GPNs may want to check if people have declined PR post exacerbation and may be more successful in offering it as a ‘family doctor’ recommendation. GPNs should present PR as a fundamental part of the treatment rather than an optional extra (BTS, 2013). GPNs should:

  • Invite the person to explore their understanding of PR and their health beliefs
  • Correct any misconceptions
  • Explain the benefits (Asthma and Lung UK, online)
  • improve muscle strength so the muscles become more efficient and use less oxygen, so they will feel less breathless
  • help cope with feelings of dyspnoea
  • improve fitness so they feel more confident to do everyday tasks
  • help with stress, depression and anxiety
  • help understand and manage their condition better
  • Sometimes the presence and support of a friend or family member at PR class may encourage attendance.

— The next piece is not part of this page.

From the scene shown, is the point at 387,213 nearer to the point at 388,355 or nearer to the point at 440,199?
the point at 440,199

Pulmonary rehabilitation pathway

PR services are guided by a PR pathway (NHS England and NHS Improvement, 2020). Upon receipt of referral, the person is invited to an appointment where they undergo a comprehensive clinical assessment including pulse oximetry and spirometry. This enables the development of a personalised activity programme.

Keeping active after PR

At the end of the PR programme, participants are encouraged to keep active and take some sort of exercise every day. GPNs may wish to encourage this and provide advice on how to exercise safely (Box 1). They may also signpost people to social prescribing and local exercise on prescription options, such as Tai Chi classes and walking groups to continue their rehabilitation journey.

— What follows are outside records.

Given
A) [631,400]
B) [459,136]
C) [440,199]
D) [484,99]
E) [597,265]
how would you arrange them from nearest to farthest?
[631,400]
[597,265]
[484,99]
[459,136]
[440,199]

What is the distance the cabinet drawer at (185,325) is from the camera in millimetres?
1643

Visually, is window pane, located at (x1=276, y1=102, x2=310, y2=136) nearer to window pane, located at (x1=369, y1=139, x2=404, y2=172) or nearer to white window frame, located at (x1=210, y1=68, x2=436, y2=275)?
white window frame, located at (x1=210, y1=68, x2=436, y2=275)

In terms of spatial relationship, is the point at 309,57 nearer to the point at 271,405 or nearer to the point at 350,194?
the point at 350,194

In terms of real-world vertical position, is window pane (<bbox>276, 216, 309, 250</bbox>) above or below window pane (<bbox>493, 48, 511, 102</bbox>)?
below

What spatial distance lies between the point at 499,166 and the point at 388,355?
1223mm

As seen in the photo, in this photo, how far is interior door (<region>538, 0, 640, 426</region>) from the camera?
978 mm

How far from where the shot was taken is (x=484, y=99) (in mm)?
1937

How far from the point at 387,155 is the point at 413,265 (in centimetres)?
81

Box 1.Exercising safely: Best practice for those with long term lung conditions

  • Start slowly and gradually build up
  • Warm up before and cool down after exercising
  • If prescribed, carry reliever inhaler and/or glyceryl trinitrate (GTN) spray. Use them when you need to (discuss with your GPN)
  • Wear loose, comfortable clothing and supportive non-slip shoes, like trainers
  • Drink plenty of water
  • Wait for at least an hour after eating before exercising
  • If normally using oxygen, even for just some of the time or overnight, use oxygen at their regular setting when exercising
  • Be active at a level that's right for the person – able to still talk when out of breath

Psychological issues

PR improves not only physical but psychological wellbeing. But since many people with significant respiratory illness may have shielded during the pandemic they may have become deconditioned and may feel more unsure about leaving the home.

It is the perception of breathlessness by the individual that matters, and how they translate this into feelings and behaviours, rather than the severity of the disease (Spathis et al., 2017). Therefore, it useful for the GPN to explore this if a person feels unsure about becoming more active. Helping them to understand their feelings can offer reassurance that being more out of breath may be because they haven't exercised for a long while rather than necessarily signalling that their illness is worse. Some may actively avoid the sensation of breathlessness because they have had a bad experience, so talking through how they breathe (maybe apical breathing) and the element of breath retraining that PR offers (such as relaxed tummy breathing) may help.

Summary

Pulmonary rehabilitation is effective and is an essential part of respiratory care. It is delivered in a standardised way over 6-8 weeks by local multidisciplinary teams. It consists of an intensive programme of aerobic exercise and strength training coupled with an education programme. The role of the GPN is to encourage attendance and support the person to continue their rehabilitation after the programme has ended.